Ukrainians are preparing for a bleak winter as Russian strikes disrupt energy capacity
  • Ukrainians with little or no warming up after the bombing
  • Temperatures in several areas are already below freezing
  • Kherson residents receive an offer to evacuate to safer areas
  • Ukrainian security forces raid the famous Kyiv Monastery

Kyiv (Reuters) – President Volodymyr Zelensky pleaded with Ukrainians to conserve energy amid relentless Russian strikes that have halved the country’s electricity capacity, as the United Nations health agency warns of a humanitarian catastrophe in Ukraine this winter.

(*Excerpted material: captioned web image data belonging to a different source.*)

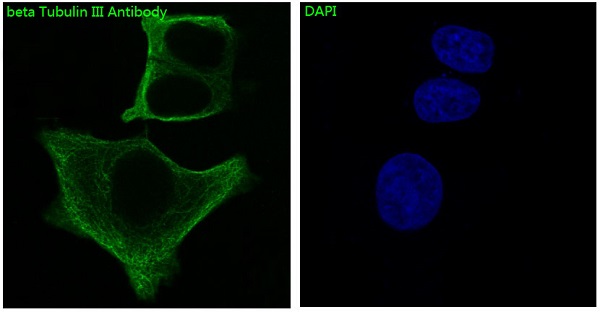 beta III Tubulin Rabbit mAb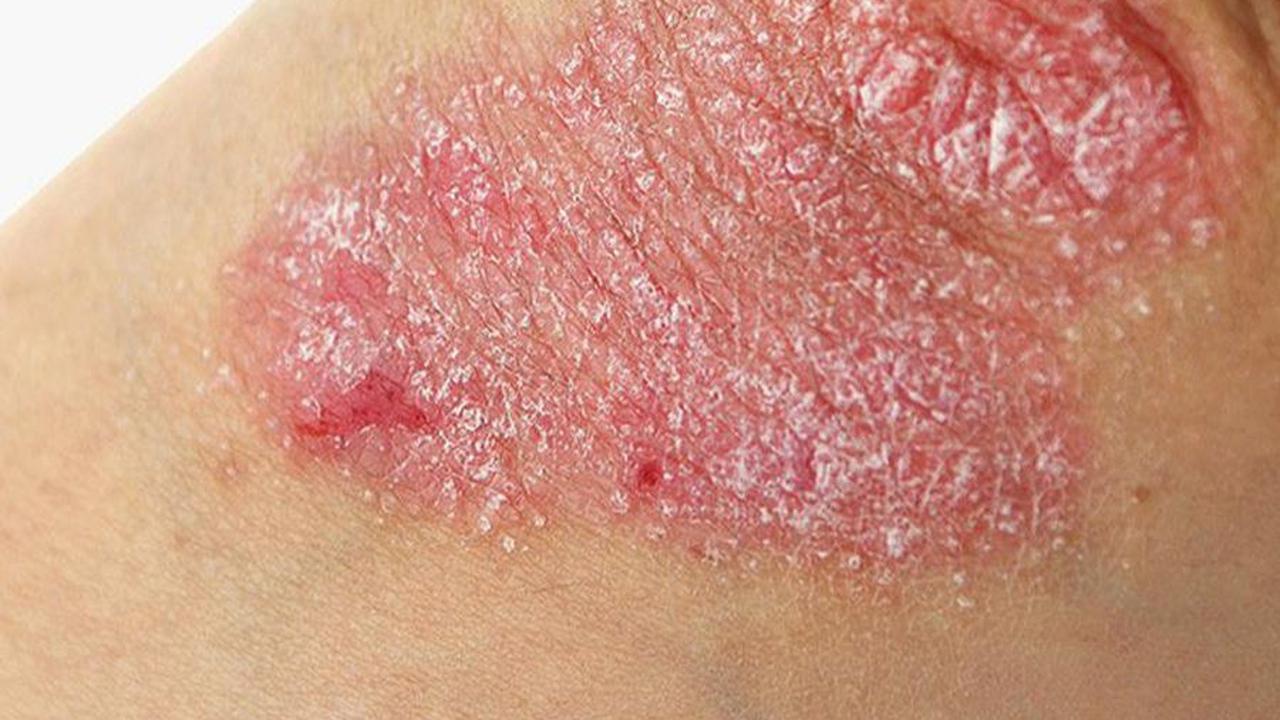 Metode Pengobatan Psoriasis Vulgaris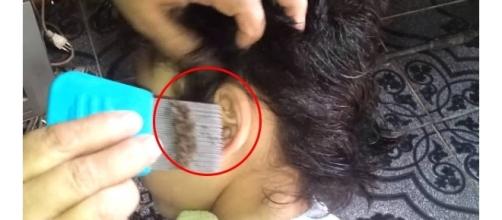 A quantidade de piolhos no cabelo dessa garotinha é inacreditável ( Foto - Youtube )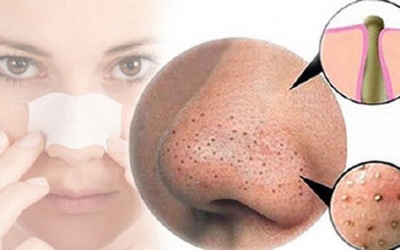 Làm thế nào để hạn chế mụn đầu đen?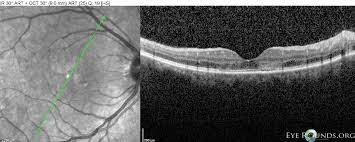 Apmppe affects otherwise young healthy adults and presents as a disorder affecting the retina, retinal pigment epithelium and choroid. Acute Posterior Multifocal Placoid Pigment Epitheliopathy Apmppe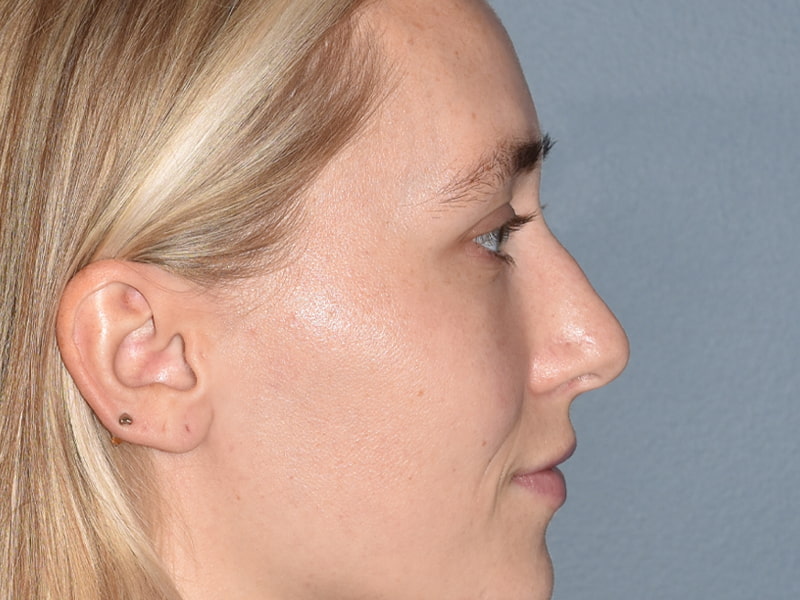 Rhinoplasty Before & After Image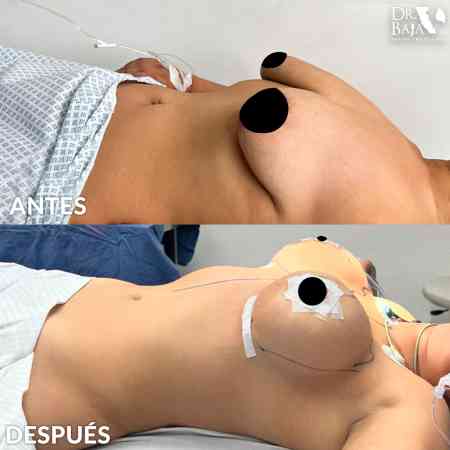 Mastopexy-21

Authorities said millions of Ukrainians, including the capital Kyiv, could face power outages at least until the end of March due to the missile attacks, which Ukraine’s national grid operator Okringo said caused “enormous” damage.

Temperatures have been unusually mild in Ukraine this fall, but they are starting to dip below zero and are expected to drop to -20C (-4F) or even lower in some areas during the winter months.

Russia’s targeting of Ukrainian energy facilities follows a series of field setbacks that included the withdrawal of Russian forces from the southern city of Kherson to the eastern bank of the mighty Dnipro River that divides the country.

“The systemic damage to our energy system from the strikes of Russian terrorists is so great that all of our people and companies must pay attention and redistribute their consumption throughout the day,” Zelensky said in his nightly video address.

Okrinego’s president, Volodymyr Kudritsky, said on Tuesday that no thermal or hydroelectric plants were left intact, though he dismissed the need for civilian evacuations.

“We can’t generate as much energy as consumers can use,” Kudritsky told a news briefing, adding that after a short cold snap on Wednesday temperatures are expected to rise again, providing an opportunity to stabilize the power generation system.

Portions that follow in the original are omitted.